Alabama Senate candidate Roy Moore won’t join Donald Trump at the President’s Florida rally Friday night just 25 miles from the Yellowhammer State border.
But the event will still give Democrats a first payoff from their purge of lawmakers targeted by sexual harassment allegations if Trump repeats his endorsement of the scandal-rocked Moore.
The sweeping away of Sen. Al Franken and Rep. John Conyers this week after claims of inappropriate behavior against them cleared the way for Democrats to argue that their party takes the #MeToo movement seriously, and to charge that the GOP offers a haven to alleged perpetrators.
“I, of all people, am aware that there is some irony in the fact that I am leaving while a man who has bragged on tape about his history of sexual assault sits in the Oval Office and a man who has repeatedly preyed on young girls campaigns for the Senate with the full support of his party,” Franken said Thursday, referring to Trump and Moore.
The Democrats’ strategy will go into overdrive if Moore creates a massive political headache for GOP leaders in Washington by winning the special election on Tuesday — but Trump’s rally gives it an early test run.
Trump will hold one of his boisterous, colorful and unpredictable rallies in Pensacola, the waterfront city in the Florida panhandle that shares a media market with Mobile, Alabama.
The combination of a rocking Friday night crowd, the end of a contentious political week, and the freedom Trump experiences outside Washington could cause the President to barnstorm into controversial political territory after a week in which his tweeting has been quite restrained by his own wild standards.
Pensacola offers Trump a veneer of deniability that he is campaigning directly for the controversial Moore, but also allows him to reach out directly to his grassroots voters in Alabama, in a bid to swell turnout in Tuesday’s election.
Trump is wildly popular in the deep red state — he crushed his rivals in the 2016 GOP primary by more than 20% and beat Hillary Clinton by nearly 30 points there in the general election. So even if he is able to motivate a couple of thousand Republicans tempted to skip the election because of the allegations against Moore, he could make a difference in the former judge’s tight race with Democrat Doug Jones.

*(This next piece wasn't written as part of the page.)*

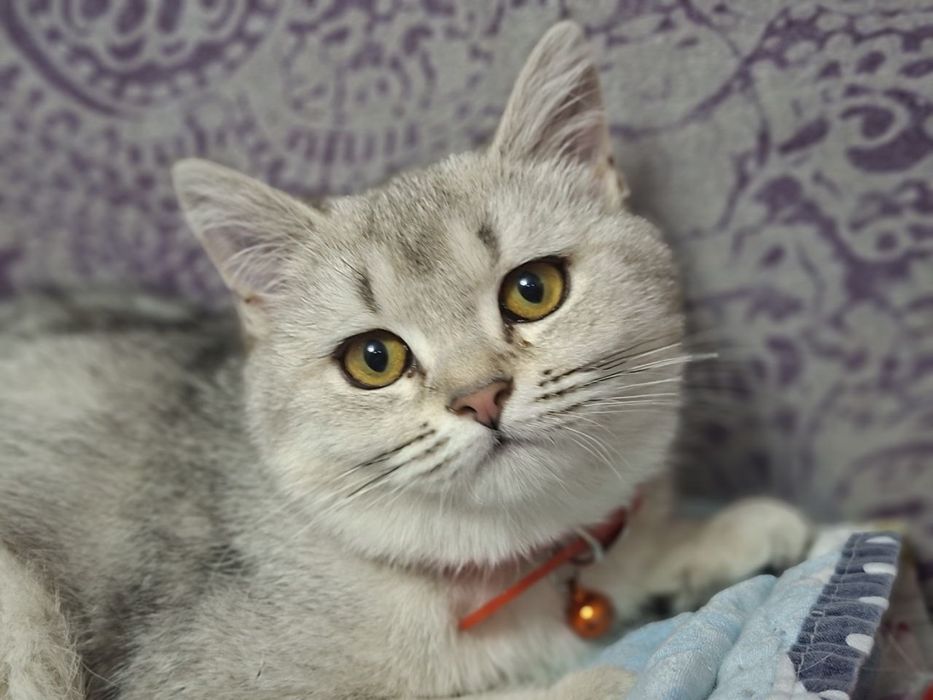 Shinshila britanskiy qiz bola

Trump caused uproar last week when he told reporters that the Republican candidate “totally denies” the allegations against him — even after GOP leaders in Washington effectively disowned their candidate and said that they believed his accusers.
Trump went all in this week, arguing that he could not afford for the already narrow two-vote Republican majority in the Senate to be further whittled down.

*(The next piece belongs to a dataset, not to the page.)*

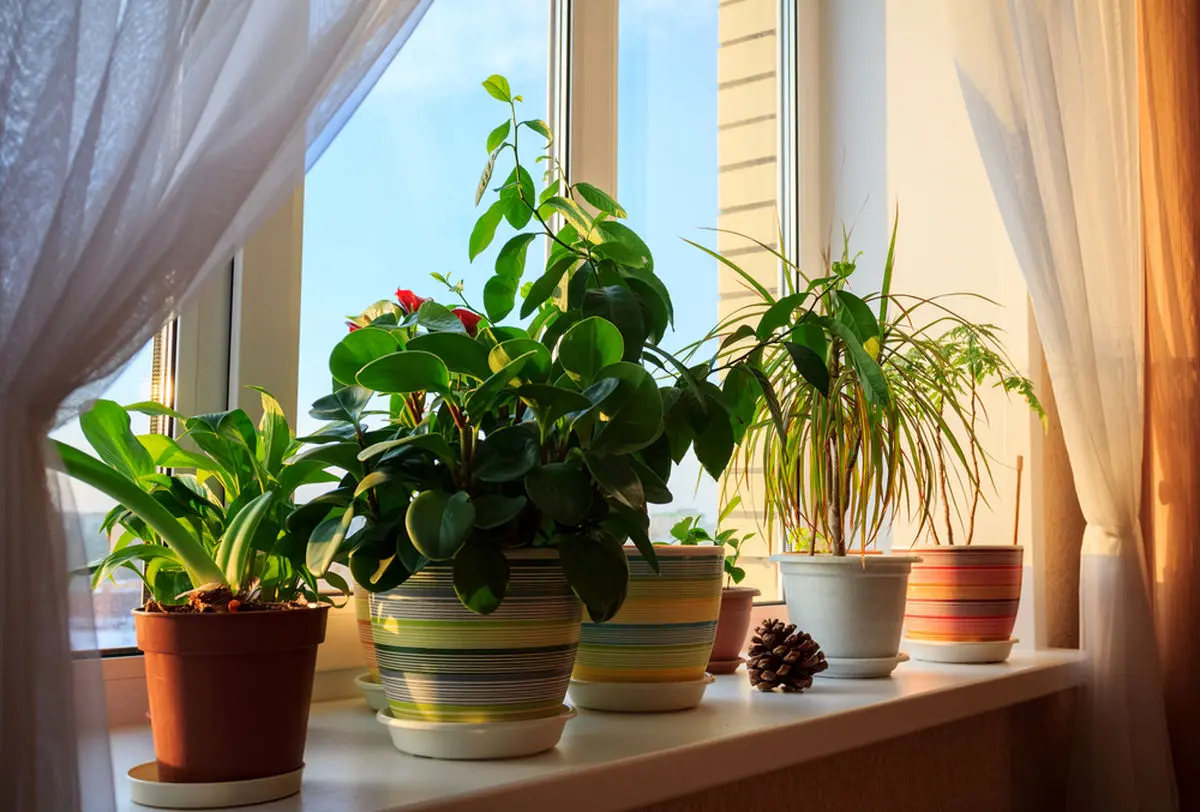 دلیل رشد نکردن گیاهان آپارتمانی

“Democrats refusal to give even one vote for massive Tax Cuts is why we need Republican Roy Moore to win in Alabama. We need his vote on stopping crime, illegal immigration, Border Wall, Military, Pro Life, V.A., Judges 2nd Amendment and more. No to Jones, a Pelosi/Schumer Puppet!” Trump tweeted on Monday.

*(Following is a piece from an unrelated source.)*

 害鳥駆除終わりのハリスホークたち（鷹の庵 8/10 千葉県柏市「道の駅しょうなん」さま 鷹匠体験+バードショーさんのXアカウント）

“Putting Pelosi/Schumer Liberal Puppet Jones into office in Alabama would hurt our great Republican Agenda of low on taxes, tough on crime, strong on military and borders…& so much more.”
Moore has been accused of initiating sexual contact with a 14-year-old girl, sexually assaulting a 16-year-old and pursuing relationships with teenage girls — all while he was in his 30s. He has denied the claims.
The White House has responded to criticism of Trump’s effective endorsement of Moore by saying that the President remains concerned about the allegations.
On Thursday, White House press secretary Sarah Sanders said: “We think that the allegations are troubling and that ultimately this is something that the people of Alabama should decide.”
Sanders shrugged off Franken’s barb from his resignation speech, saying Trump’s comments caught on an “Access Hollywood” tape released last year boasting about sexually assaulting women were old news.
“The President addressed the comments back during the campaign,” Sanders said Thursday. “We feel strongly that the people of this country also addressed that when they elected Donald Trump to be president.”